7. No conspiracy theories
If you know something 'secret' about George either tell us in full, or keep quiet about it. Not interested in "I know something you don't know" games. Likewise, we don't believe George is secretly in love with anyone else and if you believe you're his secret love, you'll be so happy and fulfilled that you won't need find a self-esteem boost by posting on a fan forum, will you? None of his friends or lovers post here, so if you're really in his inner circle, neither should you.

8. Don't pet the sweaty stuff
George is [always/often/sometimes/occasionally/rarely (delete as appropriate)] a wonderful man and therefore attracts many fans. While most of us are here to catch up on his news and have a bit of fun, some take it a little bit more seriously. George has security guards wherever he goes but we don't have that luxury, so please let your common sense be our security. In the past, we've found out the hard way that it's not always easy to spot those with, let's say mental health issues, until it's too late. If there's a poster who seems a little 'off', intense or otherwise not entirely there, please don't respond and just ignore her posts. Tell me if you have any concerns and let me handle it.

9. This is a no-holds barred forum
We don't do taboo. If it's Clooney-related, feel free to discuss it, question it, raise it, post it, poll it, whatever 'it' may be - religion, sex, politics etc etc etc. All I ask is the following three points: 1. It must be directly Clooney-related, 2. It must be legal (let's not break international obscenity laws, please!) and 3. Play nicely.

10. If you're not having fun, you're doing it wrong!
Not feeling the love? Try a new position and see how that goes.

------------------------------------------

I'm also adding a few notes on the house style here for clarification:

How to post
When you post please always include a link to the website where you got it from. If you're quoting something from a magazine or newspaper please state the name of the publication and the date it was published.

When you post something from another website, as well as giving the link please also copy and paste the text from that site. The reason for this is twofold: firstly it makes life easier for everyone because they don't have to go to another website to read what you've posted, and secondly if that website updates, moves or deletes the article then it's gone forever. If you post it on this site then it stays here.

Thread titles: I'd really appreciate if you can make the title of a new thread something everyone can easily understand what it's about. For example: "Video of George Clooney being interviewed by Oprah Winfrey in 2008" is a good title. "Video" or “What do you think of this” is not.

When you're posting, I prefer to have a new thread for each new bit of news. This can sometimes need a bit of judgment: for example should you post a sighting on the 'Where is George Now' thread or start a new thread? The rule of thumb is if it has pictures or you think a couple of people are likely to comment on it, then start a new thread.

The same goes for his girlfriends. If his girlfriend is doing something new and you think people will want to discuss it, then start a new thread. If it's not so exciting or you think it won't get much comment then put it on the general thread.

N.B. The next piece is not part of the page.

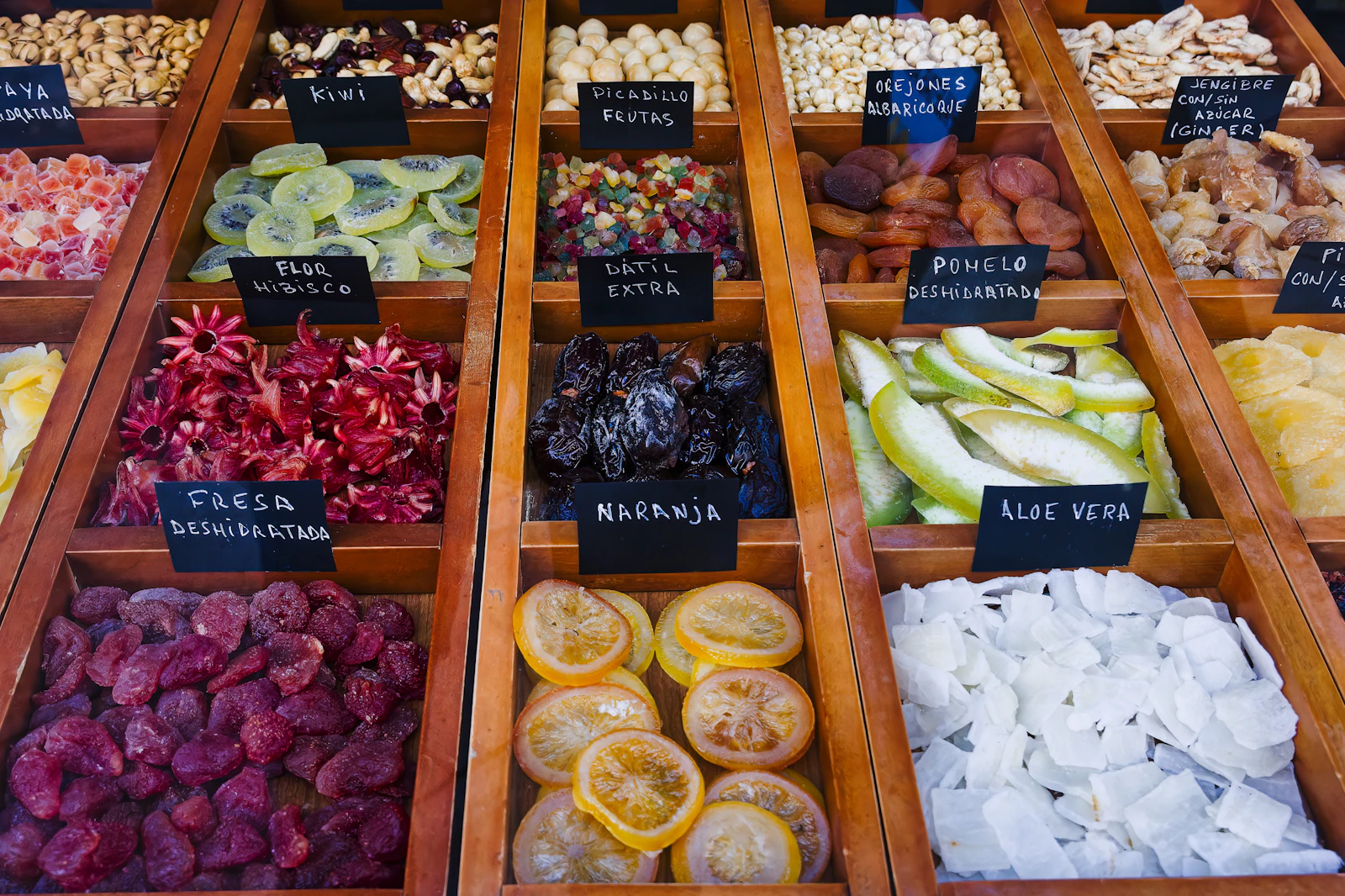 Wooden crates of dried fruit and produce with handwritten labels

If you make a mistake, I can move posts around. Remember that it's much easier for me to merge two threads together than try to separate one thread into two.

Where to post :
If it's a story about George then post in the news section. If it's a story about George and Grant then post it in the news section not in the Grant thread. If it’s a story about George and Stan then post it in the news section, not the Stan thread. If it's a story about George and his house then post it in the news section and not in his house’s thread. If it's a story about George and his girlfriend then post it in the news section and not the girlfriend's thread. If it's a story ONLY about his girlfriend and doesn't feature George at all then – and then only - post it in the Girls Girls Girls section.

Posting about George's girlfriends:
When George is dating someone, his girlfriend is a feature in his life and an object of interest to his fans. With that in mind, I don't forbid people writing about her in any of the threads in any of the forums (assuming the post is relevant of course).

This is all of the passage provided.